Erstellt am 02.05.2019

Manfred Tschöpe, Mitbegründer von MODUL, berichtet über die Hintergründe:

Seit wann gibt es Modul und was bedeutet es?
Manfred Tschöpe: 1998 wurde das Konzept von MODUL entwickelt. MODUL steht für Bausteine der Nachhaltigkeit und ist die Abkürzung von Meisterteam organisiert den Umweltschutz langfristig. 1999 ging diese Idee an den Start. Ökologische, soziale und ökonomische Aspekte der Nachhaltigkeit werden seit dem 26.09.2000 in regelmäßigen Tagungen und Workshops 2 x im Jahr für jeweils 2 Tage behandelt. Und dies seit nunmehr 19 Jahren!

Was war die Idee dahinter?
Manfred Tschöpe: Wir wollten von Anfang an den betrieblichen Umweltschutz einerseits und eine ökologische Produktberatung anderseits als langfristiges strategisches Ziel gerade für kleinere und mittlere Handwerksbetriebe entwickeln.
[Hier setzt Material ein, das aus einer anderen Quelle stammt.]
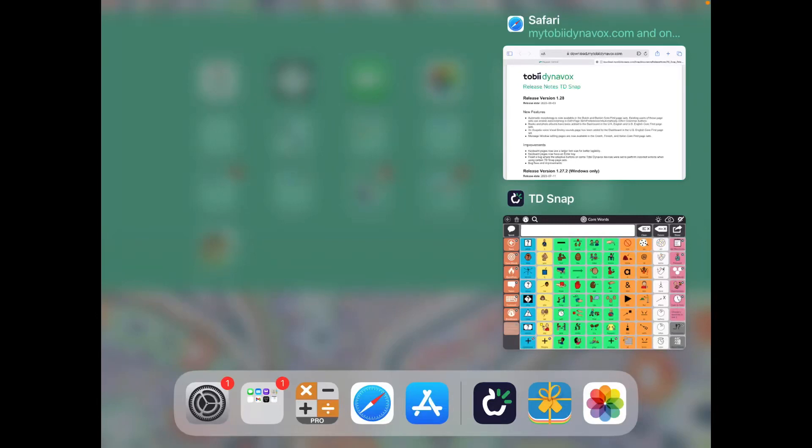Hi, this is Angela Maraud at Amazing Kids AAC Consulting. Let's take a look at what's new today in TD Snap.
Standortsicherung durch die Beantwortung der Frage, was kann ein Handwerksbetrieb tun, wenn er die Bedeutung der Agenda 21 Ernst nimmt.

Auf der berühmten UN-Konferenz für Umwelt und Entwicklung in Rio de Janeiro wurde 1992 ein Konzept verabschiedet, der Fahrplan für das 21. Jahrhundert, die sogenannte Agenda 21, welche eine Weiterentwicklung der Menschheit unter Berücksichtigung ökologischer, sozialer und wirtschaftlicher Ziele im Rahmen einer globalen Partnerschaft ermöglichen soll.

Bereits damals verwies die Präambel darauf, dass wir als Menschheit an einem entscheidenden Punkt der Geschichte stehen. Zunehmende Ungleichheit, einseitige Expansion im Ressourcenverbrauch und der wirtschaftlichen Orientierung,  unzureichende Befassung mit Umwelt- und Entwicklungsfragen, sowie fehlende integrative Ansätze waren Beweggründe, sich Gedanken über die Leitlinien der Zukunft zu machen.

Für die lokale Umsetzung, die im Meisterteam entwickelt wurde, bedeutete das eine Antwort auf die Frage, wie muss die strategische Ausrichtung gedacht werden, damit ein Handwerksbetrieb langfristig im Markt überleben kann. Nachhaltigkeit in diesem Sinne stellt auch die Fragen nach der lokalen und überregionalen (weltweiten) Einbindung, nach den gesellschaftlichen Wirkungen (Einbindung in die Region, Mitarbeiterschaft). Aspekte des Gesundheitsschutzes und der Produktwirkungen- und Auswirkungen, der Arbeitsplatzsicherung und der wirtschaftlichen Entwicklung waren weitere zu bedenkende Gesichtspunkte.

Gab es Unterstützer?
Manfred Tschöpe: Dank einer für diese Themen offenen Geschäftsführung und Aufsichtsrates und insbesondere der Impulse durch den Gründungsgesellschafter des Meisterteams, Klaus Günther, gab es grünes Licht, sich dazu ein lenkungsfähiges Konzept auszudenken. In der Anfangsphase wurde durch ihn eine Unterstützung durch Future e.V. und deren damalige Geschäftsführerin von Future Nord, Annette Alpers, professionell untermauert.

 

Um die Idee, Handwerk und Nachhaltigkeit zielführend umzusetzen, zu konkretisieren, wurde ein mehrjähriges Förderprojekt mit der Deutschen Bundesstiftung Umwelt (DBU) entwickelt. Klaus Günther als einer der ersten Preisträger der DBU (Deutscher Umweltpreis 1995) war dabei sicherlich aus deren Sicht ein Garant für eine gelingende Umsetzung. Denn Handwerksbetriebe in dieser Dimension zu unterstützen, war damals eher noch ungewöhnlich. Sein Ansatz, vor allem der Erfahrungsaustausch unter Unternehmen spiele eine zentrale Rolle, wurde ein wesentlicher Baustein der MODUL-Gruppe.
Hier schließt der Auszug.